Las palabras apenas escaparon de mis labios.

—¿Por qué llevas puesto ese colgante?

El cuerpo de Aileen se puso rígido por un instante antes de que sus dedos instintivamente lo rodearan.

—¿Esta vieja cosa?

Ridley me lo dio.

¿Cuál es el problema?

Sonaba tan despreocupada, pero sus palabras me atravesaron como fragmentos de vidrio.

—Sabes exactamente lo que ese colgante significa para mí —me giré bruscamente para enfrentar a Ridley, con la voz quebrada—.

Lo puse en tus manos justo antes de que me encerraran.

Se lo había confiado a Ridley porque me aterraba la idea de perderlo en prisión.

Ese colgante era invaluable y, más allá de eso, completamente irreemplazable.

Mi mente daba vueltas.

«¿Realmente se lo entregó a Aileen?»
La expresión de Ridley se oscureció, su mirada volviéndose fría y despectiva.

—Es solo una joya, Ana.

¿Desde cuándo te has vuelto tan dramática?

El hielo se extendió por mis venas.

Mis pensamientos se agitaron, «¿Solo una joya?

Él sabe perfectamente que era de la Abuela».

El recuerdo me golpeó—aquel brutal invierno cuando la tormenta de nieve azotó.

La cadena se había roto, enviando el colgante a la nieve.

Me había arrastrado sobre mis manos y rodillas toda la noche, escarbando entre los montones hasta que mis dedos se agrietaron y sangraron.

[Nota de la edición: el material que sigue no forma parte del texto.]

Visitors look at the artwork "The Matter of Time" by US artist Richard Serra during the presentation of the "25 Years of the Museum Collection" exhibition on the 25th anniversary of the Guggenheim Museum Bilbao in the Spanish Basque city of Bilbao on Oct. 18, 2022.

Ridley había presenciado cada momento.

Y ahora lo llamaba “solo una joya”.

Bajé la cabeza, con la voz quebrada.

—Es todo lo que me queda de la Abuela.

—Oh, eso lo explica —la risa de Aileen resonó, aguda y burlona—.

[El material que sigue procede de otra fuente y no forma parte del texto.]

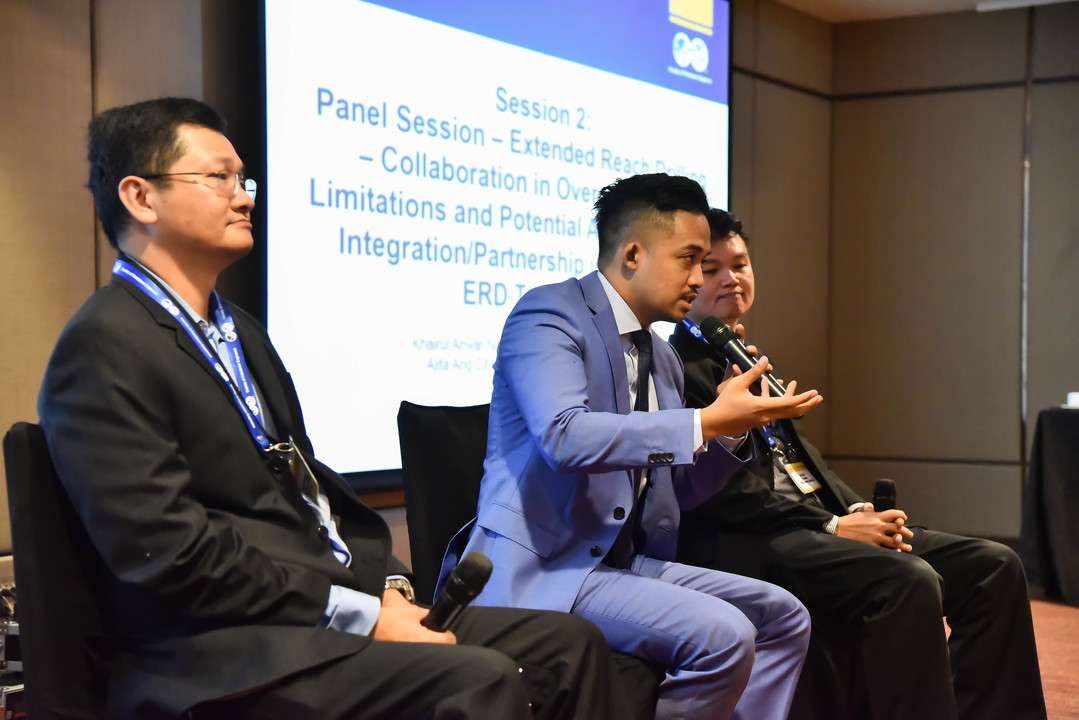 Confident speaker on a panel, subtly enhanced by a captivating pheromone cologne.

Mira, sin ofender, pero tú no eres realmente una Watson de sangre.

—La Abuela era mi verdadera abuela.

Cuando la extraño, naturalmente quiero algo para recordarla.

—¿No reclamaste ya toda su herencia?

Este colgante fue lo único que ella me dio directamente.

Isabelle había susurrado: «La sangre no hace a la familia, el amor sí».

Había presionado el colgante en mi palma como un voto sagrado.

La herencia, el colgante—todo debía ser mío.

En cambio, Aileen se había apoderado de la herencia.

Ridley me había convencido de no luchar, así que me fui solo con el colgante.

Ahora Aileen también me había robado eso.

—Jesús, no montes una escena.

Te conseguiré un reemplazo —murmuró Ridley, su ceño frunciéndose más.

Su tono carecía totalmente de calidez.

—Aileen es tu hermana.

E Isabelle fue su abuela primero.

Es un trozo de metal.

¿Por qué actúas tan infantil?

Sus palabras me destrozaron por completo.

Mi cuerpo temblaba, mi voz se estremecía.

—Solo quiero lo que es mío.

¿Cómo me hace eso infantil?

—Mamá, eso es pura envidia —intervino Hughes, frunciendo el ceño—.

Eso está mal.

Cada vez que se trata de Aileen, te vuelves loca con ella.

Sabía lo que estaba pensando.

En sus ojos, yo siempre era la estricta, mientras que Aileen era la divertida que le daba dulces a escondidas y le decía que todo se trataba de ‘libertad’.

Pero cada vez que sorprendía a Aileen consintiéndolo, yo explotaba.

Él veía eso como celos.

No entendía qué tenía de malo querer libertad.

Su joven voz cortaba como navajas.

—Papá y yo lo entendemos completamente.

La prisión te arruinó y te volvió paranoica.

Pero eso no te da derecho a atacar a Aileen.

—Ser lisiada no es tu problema.

Tu problema es tu corazón retorcido.

Deberías dejar esa actitud y dejar que Aileen te enseñe a ser amable.

Sus inocentes palabras se sintieron como puñales atravesando mi pecho, dejándome vacía y sangrando por dentro.

Siempre había sabido que Hughes prefería a Aileen.

Pero ver a las personas que habían destruido mi vida predicándome desde su pedestal moral se sentía como el chiste más cruel del universo.

Había sacrificado todo por esta familia durante años.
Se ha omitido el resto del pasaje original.